Enlarge / It’s unclear if the upcoming Steam Deck will help protect your deck wood.

Sam Mashkovech

Now that Valve’s Steam Deck has been Technically available for about 10 months (and widely available for about two months), customers are increasingly wondering what Valve might have in store for them for an inevitable “version 2.0” of the hands-on gaming laptop. While some players might be looking for a more powerful “Steam Deck Pro,” hardware designers Lawrence Yang and Pierre-Loup Griffais say battery life and screen quality are the biggest “pain points.” most likely they would like to address in a new release.

This news comes from an extensive interview with The Verge, where the pair of Valve designers hinted that keeping the same base spec target for future hardware could be valuable.
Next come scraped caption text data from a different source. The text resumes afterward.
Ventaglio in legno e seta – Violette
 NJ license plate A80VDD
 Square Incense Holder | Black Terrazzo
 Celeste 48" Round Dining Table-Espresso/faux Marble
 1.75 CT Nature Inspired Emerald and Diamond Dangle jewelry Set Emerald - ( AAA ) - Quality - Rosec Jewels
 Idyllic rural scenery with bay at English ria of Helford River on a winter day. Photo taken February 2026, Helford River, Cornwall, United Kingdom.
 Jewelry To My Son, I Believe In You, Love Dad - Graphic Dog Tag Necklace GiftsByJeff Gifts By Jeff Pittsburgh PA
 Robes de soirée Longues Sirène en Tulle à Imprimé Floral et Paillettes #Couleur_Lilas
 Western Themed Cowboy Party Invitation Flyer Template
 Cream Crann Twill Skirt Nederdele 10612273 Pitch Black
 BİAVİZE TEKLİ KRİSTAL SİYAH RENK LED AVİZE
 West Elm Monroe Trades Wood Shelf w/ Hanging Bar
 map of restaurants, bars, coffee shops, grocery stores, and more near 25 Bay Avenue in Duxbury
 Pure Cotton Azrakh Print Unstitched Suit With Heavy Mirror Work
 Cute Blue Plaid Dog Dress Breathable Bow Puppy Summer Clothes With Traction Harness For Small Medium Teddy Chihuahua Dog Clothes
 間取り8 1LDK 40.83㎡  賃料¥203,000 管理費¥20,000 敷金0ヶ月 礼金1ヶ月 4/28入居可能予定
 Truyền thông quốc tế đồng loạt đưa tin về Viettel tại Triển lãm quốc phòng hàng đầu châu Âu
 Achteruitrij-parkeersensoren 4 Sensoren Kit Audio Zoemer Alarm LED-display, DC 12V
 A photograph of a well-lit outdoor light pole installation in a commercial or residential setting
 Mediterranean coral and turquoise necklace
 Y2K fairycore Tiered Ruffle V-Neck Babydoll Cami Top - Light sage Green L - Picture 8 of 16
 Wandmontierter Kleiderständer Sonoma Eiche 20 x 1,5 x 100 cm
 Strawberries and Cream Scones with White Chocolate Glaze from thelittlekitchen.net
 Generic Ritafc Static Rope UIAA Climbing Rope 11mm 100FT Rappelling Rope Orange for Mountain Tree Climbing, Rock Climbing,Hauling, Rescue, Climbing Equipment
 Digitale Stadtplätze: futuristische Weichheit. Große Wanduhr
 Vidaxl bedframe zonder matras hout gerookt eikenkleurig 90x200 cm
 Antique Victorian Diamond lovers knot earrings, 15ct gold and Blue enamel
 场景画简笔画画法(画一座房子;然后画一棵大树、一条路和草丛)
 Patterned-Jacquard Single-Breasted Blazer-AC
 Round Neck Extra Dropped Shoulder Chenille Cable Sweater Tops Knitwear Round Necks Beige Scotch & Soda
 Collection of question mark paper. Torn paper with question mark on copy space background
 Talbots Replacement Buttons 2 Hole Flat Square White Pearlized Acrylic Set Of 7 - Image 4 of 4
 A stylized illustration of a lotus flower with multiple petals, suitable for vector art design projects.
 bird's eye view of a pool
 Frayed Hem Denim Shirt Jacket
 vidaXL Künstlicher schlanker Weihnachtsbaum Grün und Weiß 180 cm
Right now the fact that all Steam Decks can play the same games and we have a goal for users to understand what kind of performance level to expect when playing and for developers to understand what ‘you have to target – there’s a lot of interest in having that spec,’ Griffais told The Verge.

“I think we will choose to keep the performance level a bit longer and only change the performance level when there is a significant gain to be had,” added Griffais.

Right now, it’s hard to say that putting more powerful CPUs into a new Steam Deck would result in a “significant gain” for users. As it stands, there is well over 6,000 Steam titles listed as “verified” or “playable” on Steam Deck.which means they have little to no trouble hitting the system’s 1200×800 resolution at a minimum of 30 fps. It’s not just legacy titles that get checked, either; many recent AAA releases like elderberry ring, Spider-Man: Remasteredand Death Stranding: Director’s Cut have been fully verified by the bridge.

A high-end “Steam Deck Pro” might be able to extract a slightly higher resolution or frame rate from some of these games, of course. But as long as a critical mass of games are in playable form on hardware, Valve seems less interested in increasing performance and more interested in increasing battery life. We also wouldn’t mind if specification consistency meant that a new Steam Deck could be thinner and/or lighter than the current chunky version, but that’s pure wish on our part.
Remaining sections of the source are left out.